Room:
Facilitator:
Presenter:
Abstract:
An increasing number of biopharmaceuticals patents are expiring and we can expect more and more copies of these drugs to be brought to the market across Europe. The list includes erythropoietins, gonadotropins, granulocyte colony-stimulating factors (G-CSFs), human growth hormones, human insulins, interferons and in the near future monoclonal antibodies.
In contrast to "standard" small-molecule chemical drugs, biopharmaceuticals are considerably larger and more complex molecules, more difficult to characterize and produced from living organisms. Due to their complexity and to the inherent variability of biopharmaceutical manufacturing, the generic pathway for regulatory approval cannot be used for biosimilars and specific regulations were made for their development. Biopharmaceuticals are created via a unique process whereby microbial cells are cultured in various types of bioreactors to produce proteins which are very sensitive to the production conditions. Even the most minor change in manufacture could have a major impact on biological activity and safety, as was observed with the emergence of pure red cell aplasia after a modification of formulation of an original epoetin alfa. Thus, biosimilars are unique molecules and are not generic versions of the innovator biopharmaceuticals.
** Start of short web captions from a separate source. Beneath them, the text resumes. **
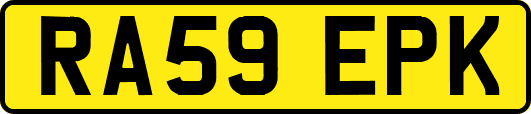 RA59EPK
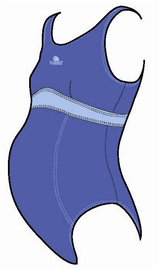 مایو زنانه بارداری توربو Pregnancy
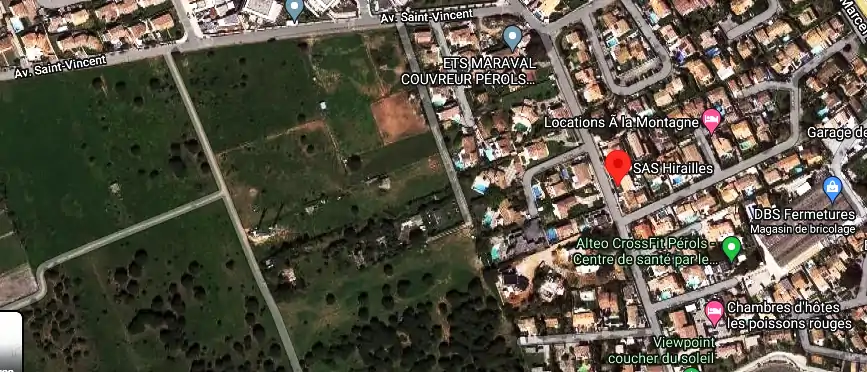 Devis électricien à Pérols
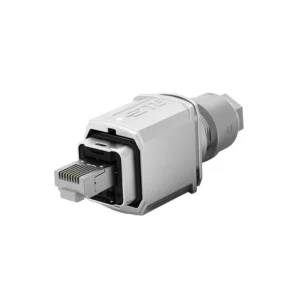 1-2120864-1 Electronic Components Connectors Supplier 1-2120864-1 Plug Modular Connector 8p4c RJ45 Ethernet IDC 121208641 Unshielded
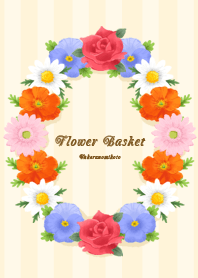 Flower Basket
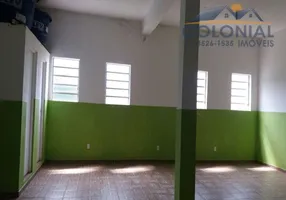 Foto 1 de Casa com 1 Quarto à venda, 146m² em Vila Chacrinha, Campo Limpo Paulista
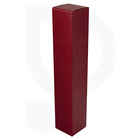 Coffret bordeaux pour 1 bouteille (10 pcs)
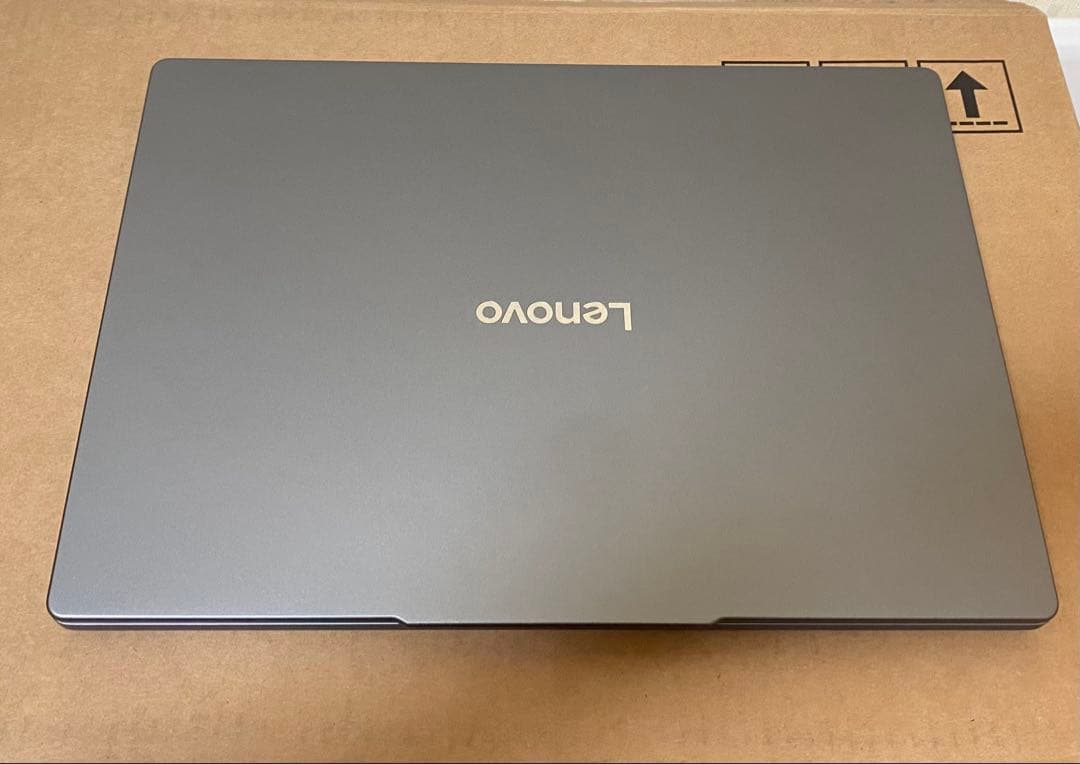Lenovo IdeaPad Slim 3 Gen 10 14型 AMD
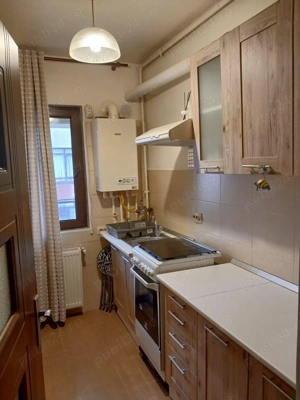 Garsoniera 32 mp investitie ideala langa Lidl Kaufland si autobuz - imagine 5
Another key point is about the therapeutic equivalence of these drugs, which is an important consideration in decisions about substitution and exchangeability. Nearly all European countries have rules against automatic substitution with biosimilars for reasons of traceability. Therefore, given that biosimilar products are not generic products, a switch from filgrastim or epoetin alfa to a biosimilar is considered a change in clinical management and should be done only under the guidance of a responsible clinician.
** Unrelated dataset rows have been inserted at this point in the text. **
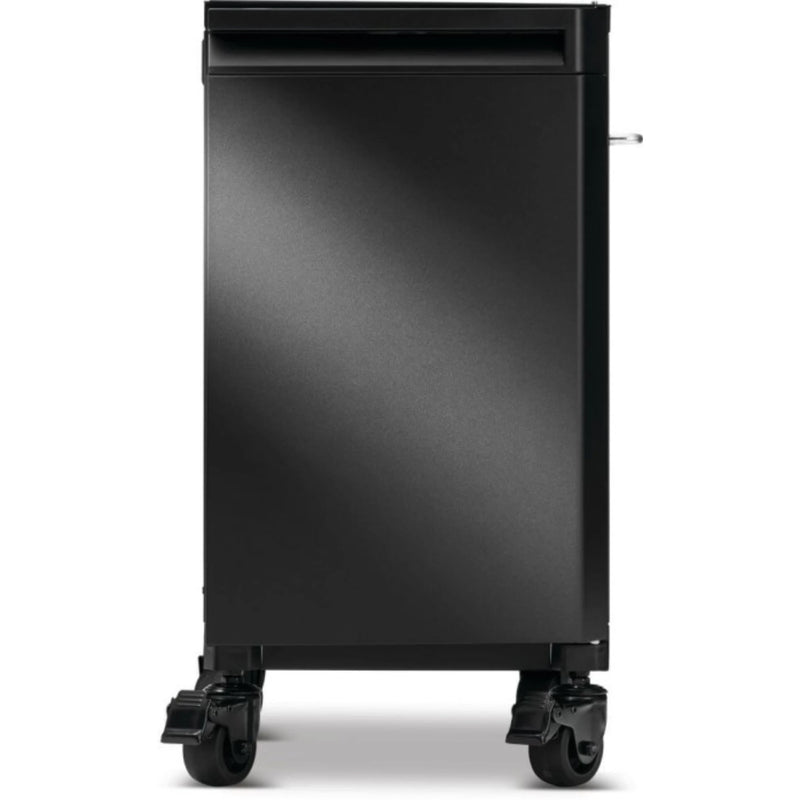 Napoleon Phantom Prestige® Under Grill Storage, Two Carts | GW STORE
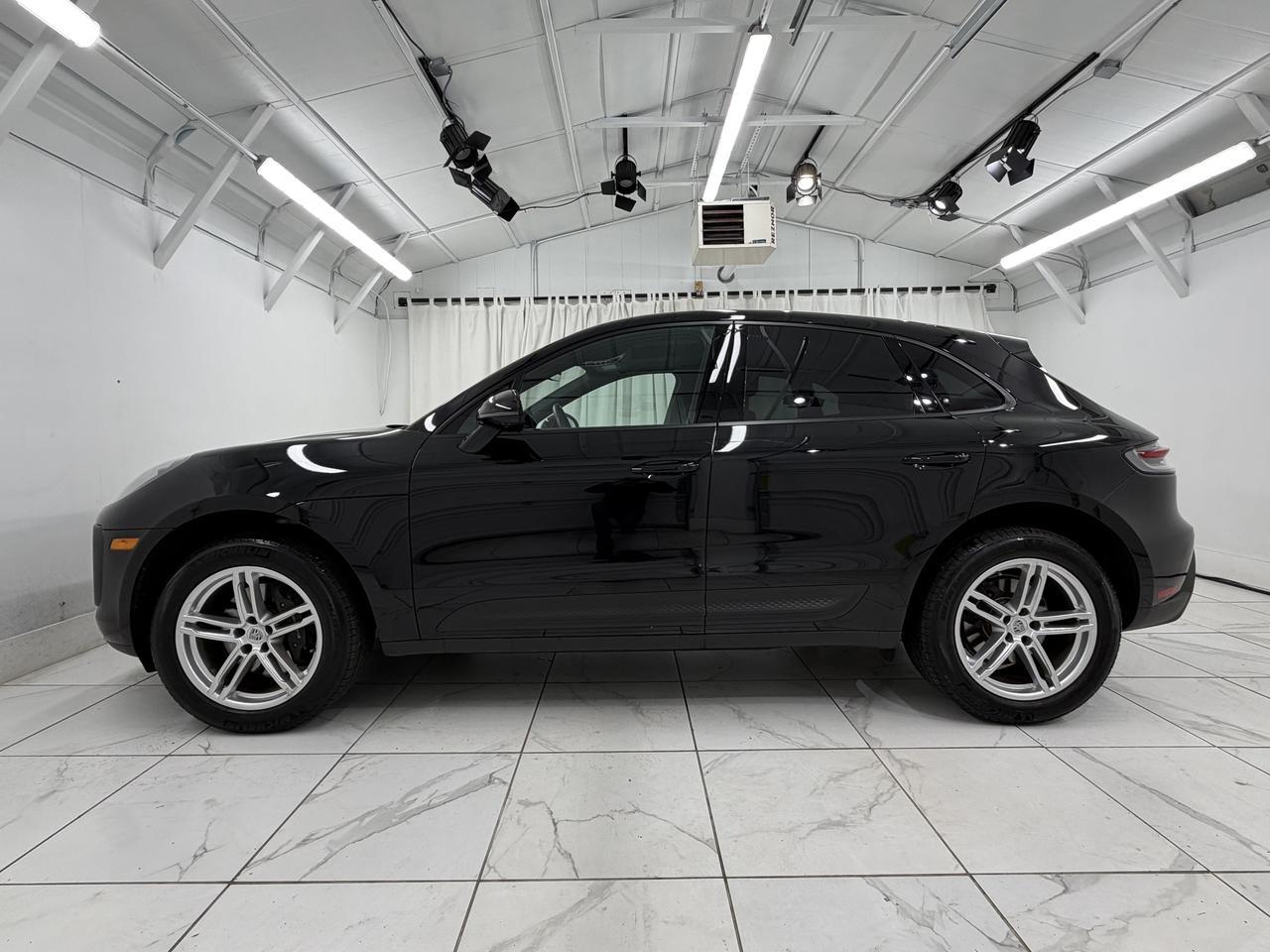 2025 Porsche Macan Newark DE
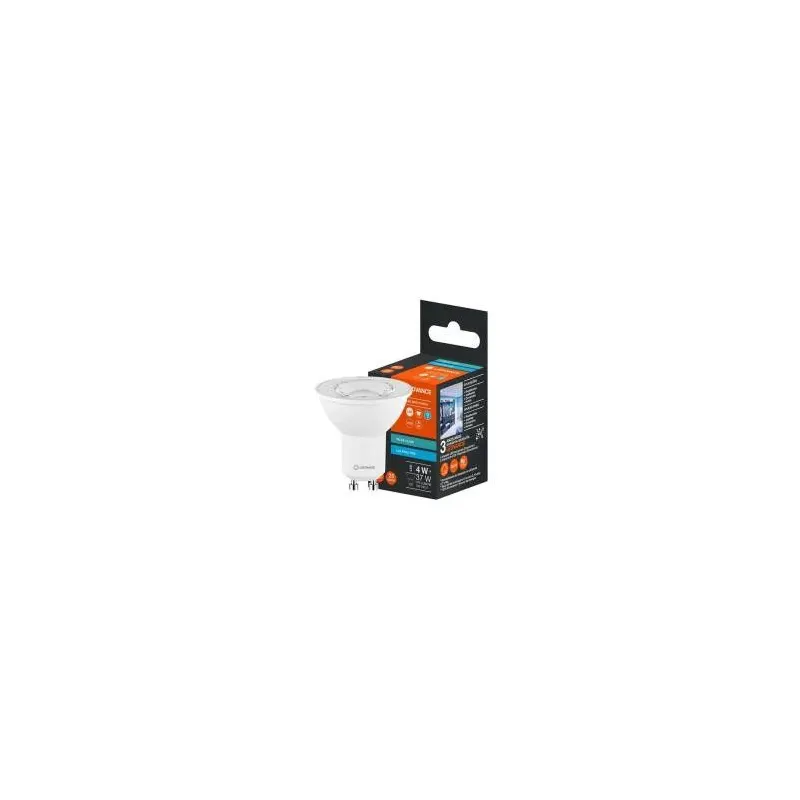 Lampada Led Par16 4W Branca Gu10 Bivolt Ledvance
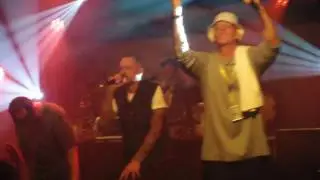 M&ouml;chtegang - Aber Ebe live @ Polentajam 2017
In conclusion, it is important to be attentive to the arrival of biosimilars, to inform physicians about changes in internal referencing, avoiding substitutions and to be careful in switching biopharmaceuticals in individual patients.
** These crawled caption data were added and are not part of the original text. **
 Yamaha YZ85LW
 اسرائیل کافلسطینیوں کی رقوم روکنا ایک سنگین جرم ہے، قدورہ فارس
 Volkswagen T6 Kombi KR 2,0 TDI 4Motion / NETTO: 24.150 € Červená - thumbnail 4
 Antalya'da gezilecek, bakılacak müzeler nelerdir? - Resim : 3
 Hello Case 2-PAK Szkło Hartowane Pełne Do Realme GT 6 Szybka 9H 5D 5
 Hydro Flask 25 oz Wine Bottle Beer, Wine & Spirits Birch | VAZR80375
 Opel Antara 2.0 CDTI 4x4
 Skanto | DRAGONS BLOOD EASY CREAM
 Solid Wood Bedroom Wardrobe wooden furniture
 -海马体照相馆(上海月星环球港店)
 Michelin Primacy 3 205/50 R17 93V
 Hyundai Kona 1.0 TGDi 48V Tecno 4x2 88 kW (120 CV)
As key stakeholders in assessing and selecting drugs for in-hospital use, hospital pharmacists need 1) to have particular awareness of the efficacy and safety when biosimilars are used and 2) to improve their knowledge about biosimilars, from a regulatory, manufacturing and clinical point of view.
Teaching goals:
• to explain the differences between generics, biosimilars and innovative drugs from a regulatory point-of-view
• to explain the manufacturing complexity of biopharmaceutical drugs and how biosimilars are developed
• to explain the issues surrounding substitution and interchangeability of biosimilars
Learning objectives:
After the presentation the participant should:
• understand the differences between innovative drugs, classic generics and biosimilars.
• To be aware of the manufacturing process of biopharmaceutical drugs and its implications
• to understand the clinical implications of biosimilars in daily practice.